== Task to carry out ==
Please set down the data again exactly, minus the pictures.

Captioned web images:
+ + + + + + +
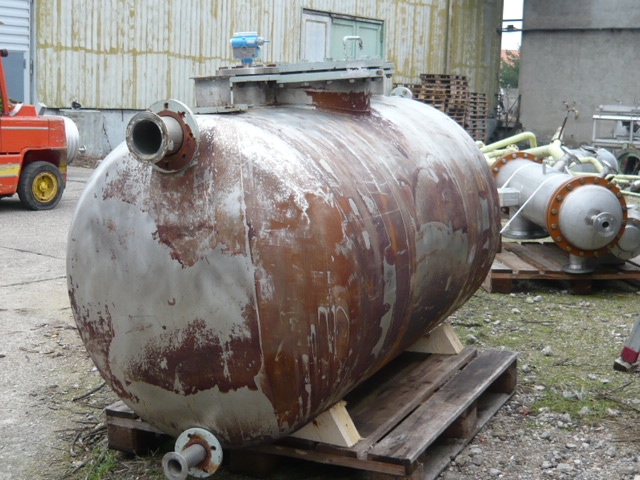 Stainless Steel 316L Hanag AG Tank - IPP# 211591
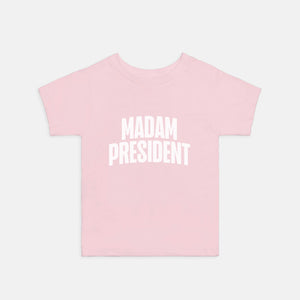 Madam President Toddler Tee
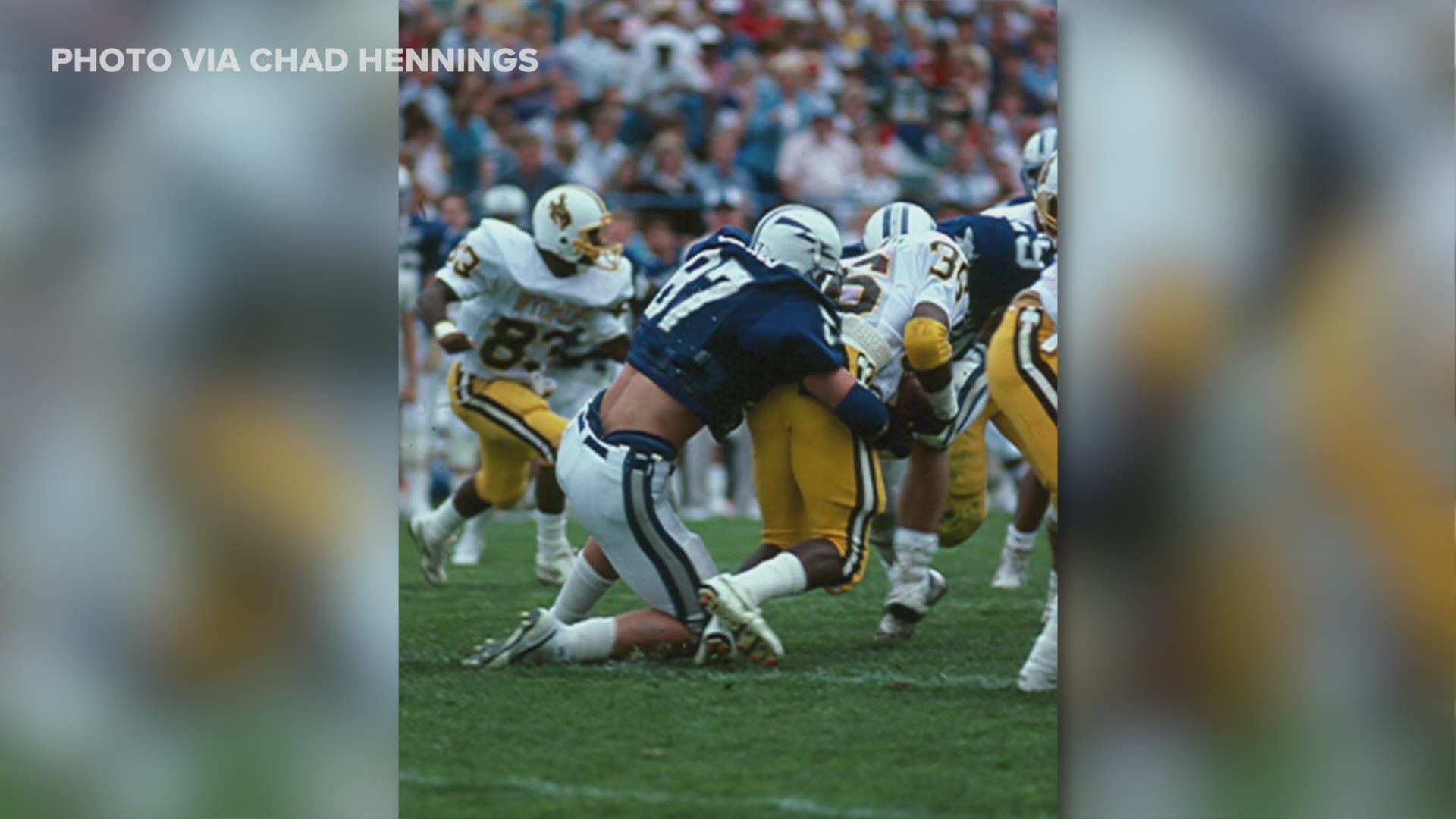 Three-time Super Bowl champion and Air Force veteran Chad Hennings speaks on his service in the military and how it prepared him for life in the NFL and beyond. WFAA.com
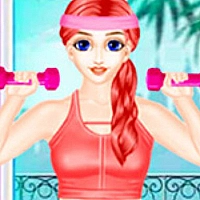 Fashion Girl Fitness Plan Game Cover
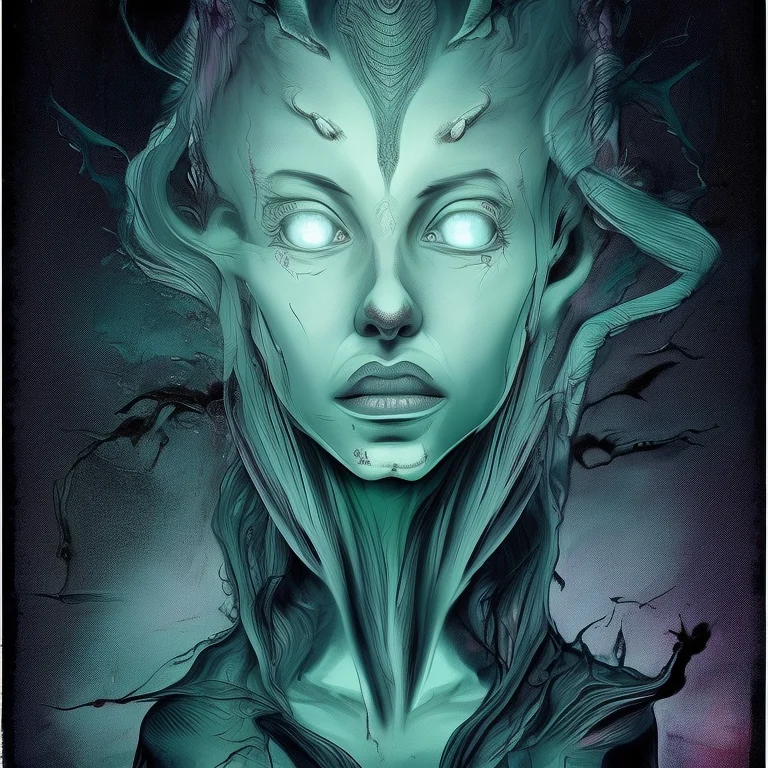 Inkpunkheavy768 , A Dream Portrait Of A Gorgeous Succubus St...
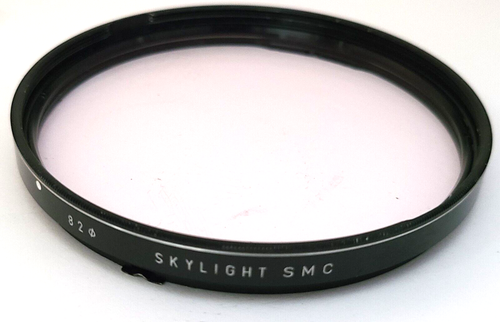 Pentax 67 82mm Lens Filter Skylight SMC Excellent - Picture 2 of 5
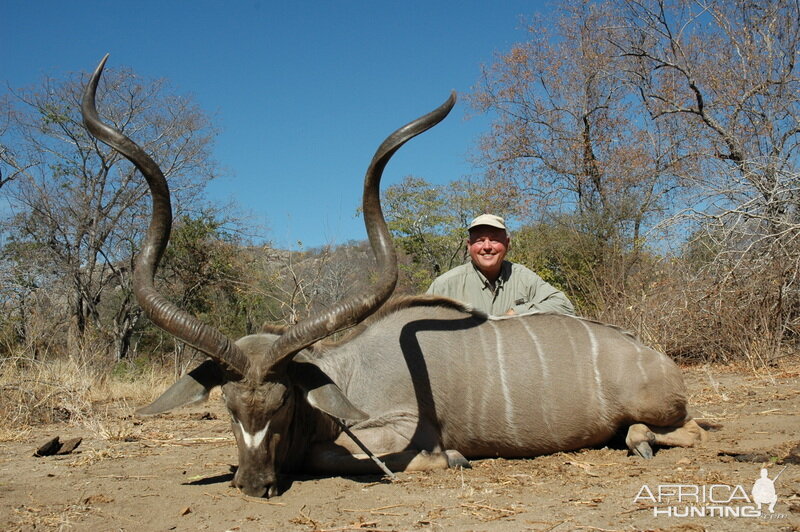 Kudu Hunting Zimbabwe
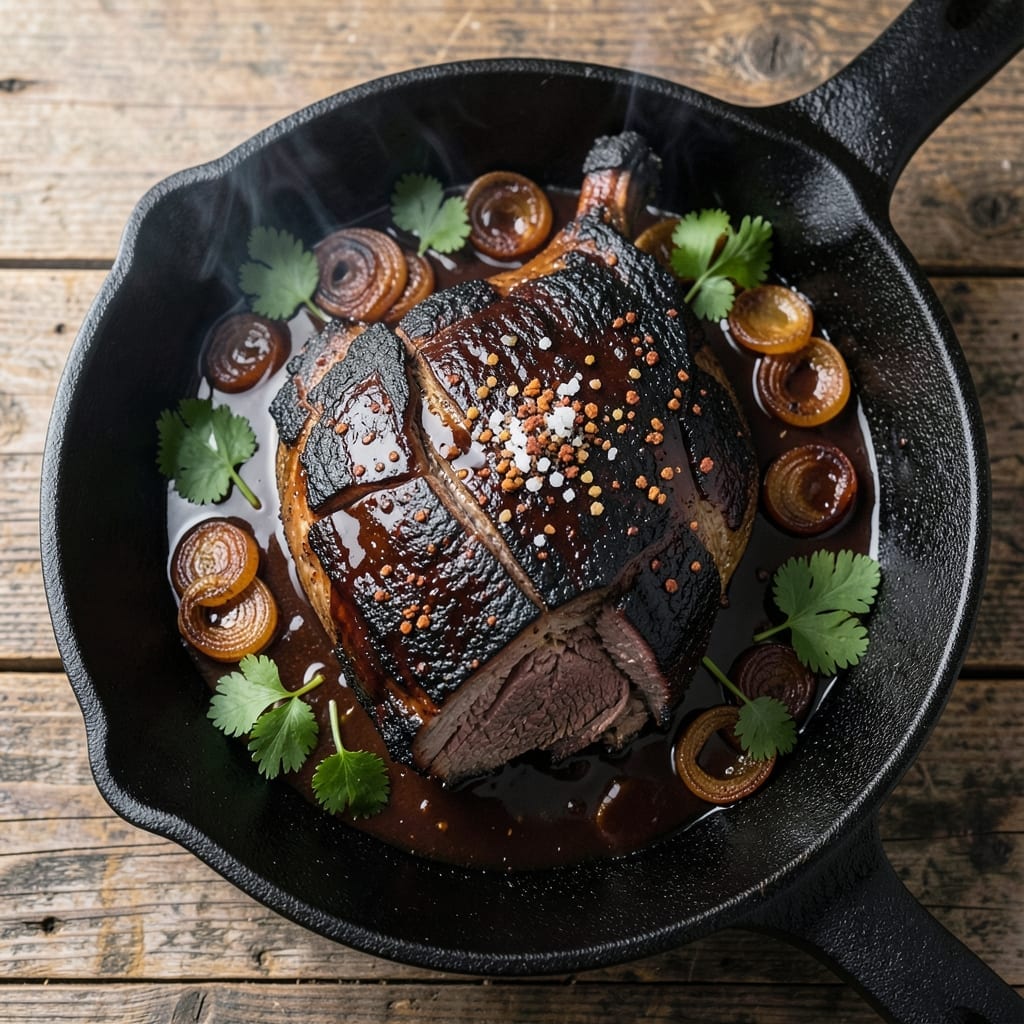 Smoked Chuck Roast BBQ Recipe: Fall-Off-The-Bone Smoky Tenderness Smoked Chuck Roast BBQ Recipe: Fall-Off-The-Bone Smoky Tenderness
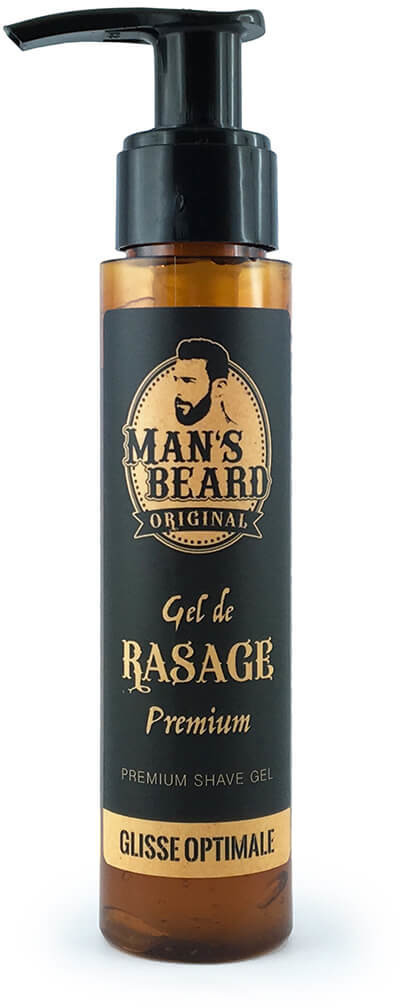 Man's Beard Gel de rasage (75 ml)
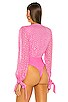X REVOLVE Alora Bodysuit, view 4, click to view large image.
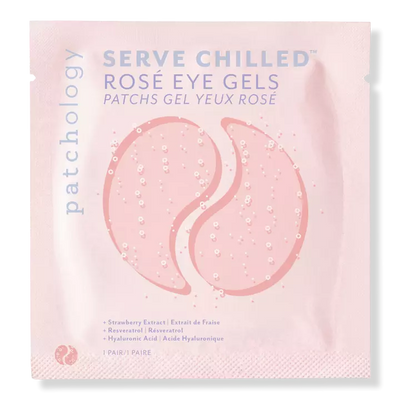 Serve Chilled Rosé Hydrating Eye Gels- 5 pack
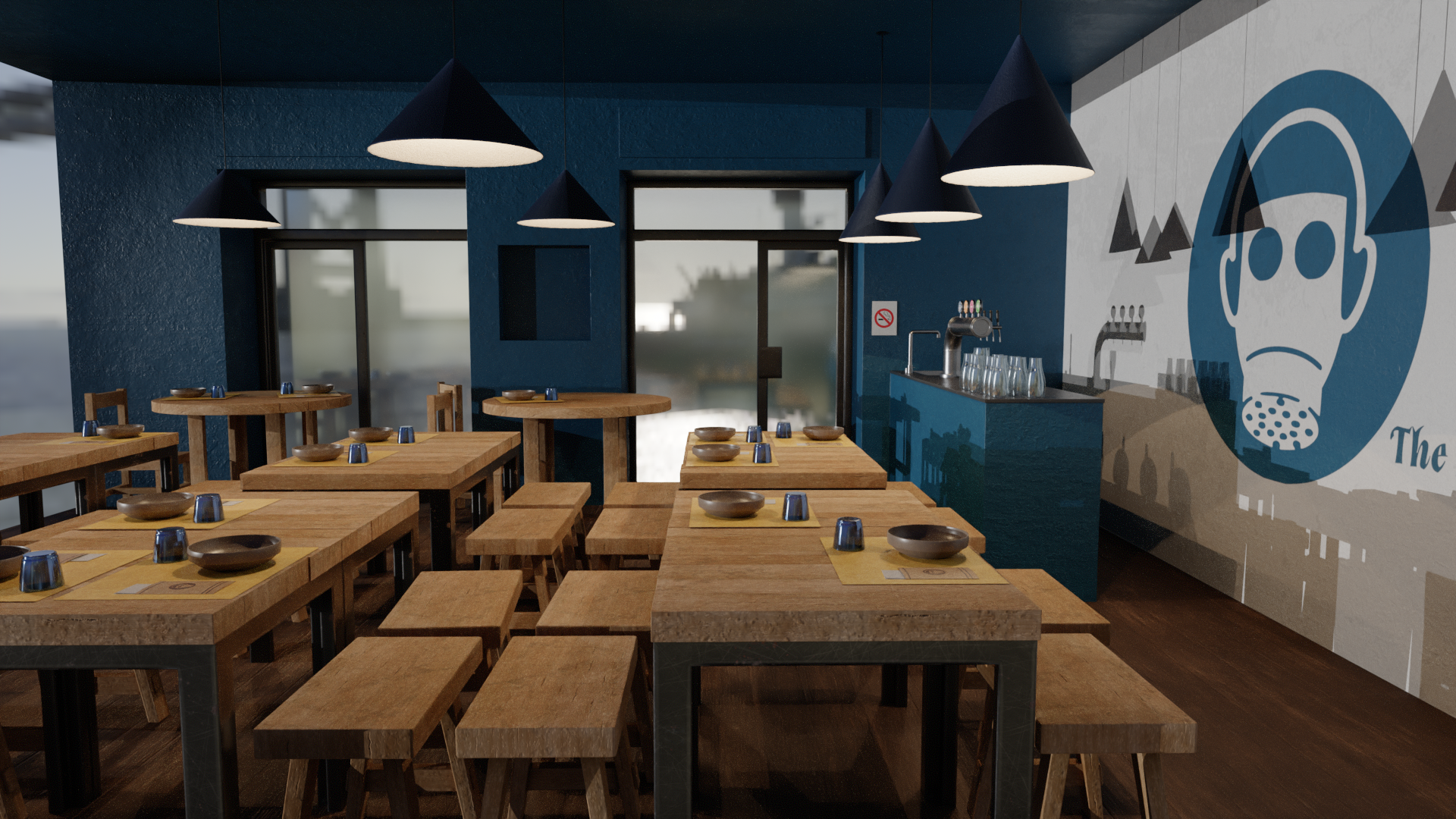 Birreria - Brewery - Cerverìa - immagine 7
+ + + + + + +
== Exercise output ==
 Stainless Steel 316L Hanag AG Tank - IPP# 211591
 Madam President Toddler Tee
 Three-time Super Bowl champion and Air Force veteran Chad Hennings speaks on his service in the military and how it prepared him for life in the NFL and beyond. WFAA.com
 Fashion Girl Fitness Plan Game Cover
 Inkpunkheavy768 , A Dream Portrait Of A Gorgeous Succubus St...
 Pentax 67 82mm Lens Filter Skylight SMC Excellent - Picture 2 of 5
 Kudu Hunting Zimbabwe
 Smoked Chuck Roast BBQ Recipe: Fall-Off-The-Bone Smoky Tenderness Smoked Chuck Roast BBQ Recipe: Fall-Off-The-Bone Smoky Tenderness
 Man's Beard Gel de rasage (75 ml)
X REVOLVE Alora Bodysuit, view 4, click to view large image.
 Serve Chilled Rosé Hydrating Eye Gels- 5 pack
 Birreria - Brewery - Cerverìa - immagine 7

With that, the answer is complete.